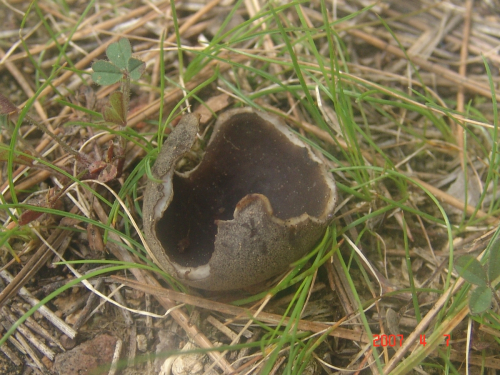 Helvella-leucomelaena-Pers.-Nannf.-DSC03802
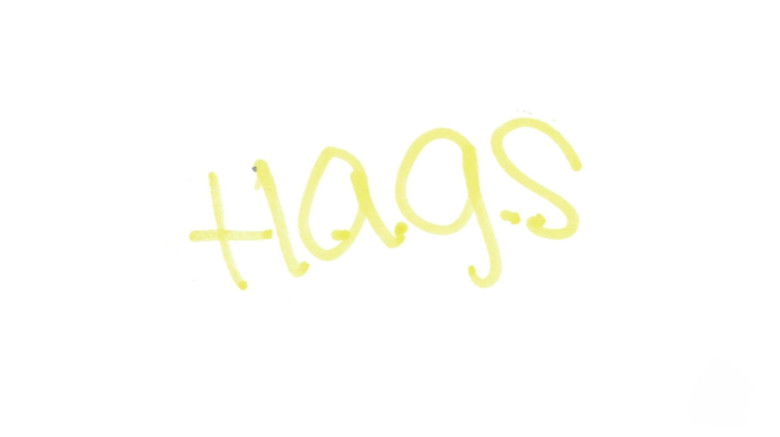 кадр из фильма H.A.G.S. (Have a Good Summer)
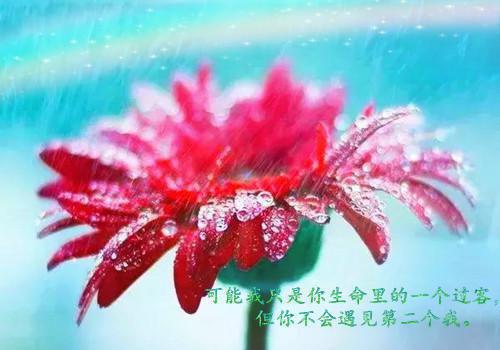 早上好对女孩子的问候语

━━━━━━━━━━

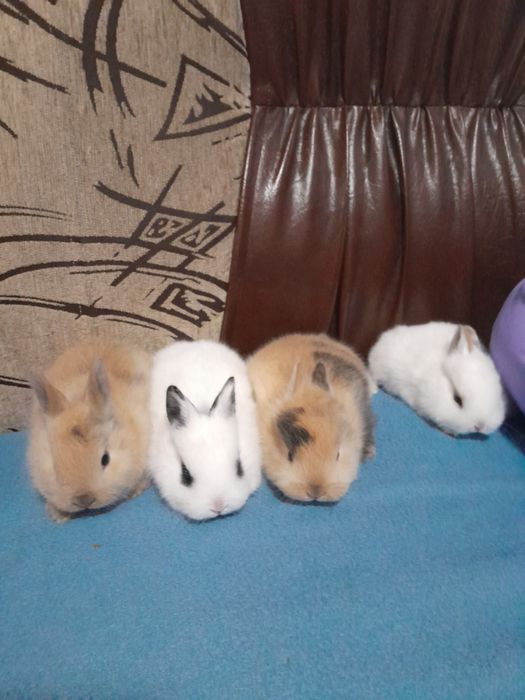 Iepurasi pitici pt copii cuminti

━━━━━━━━━━

**Work to complete:** Both the line above containing "кадр из фильма H.A.G.S. (Have a Good Summer)" and the line containing "早上好对女孩子的问候语" belong in the copy, along with every line between them; print these exactly and omit the pictures.

**Task answer:**
 кадр из фильма H.A.G.S. (Have a Good Summer)
 早上好对女孩子的问候语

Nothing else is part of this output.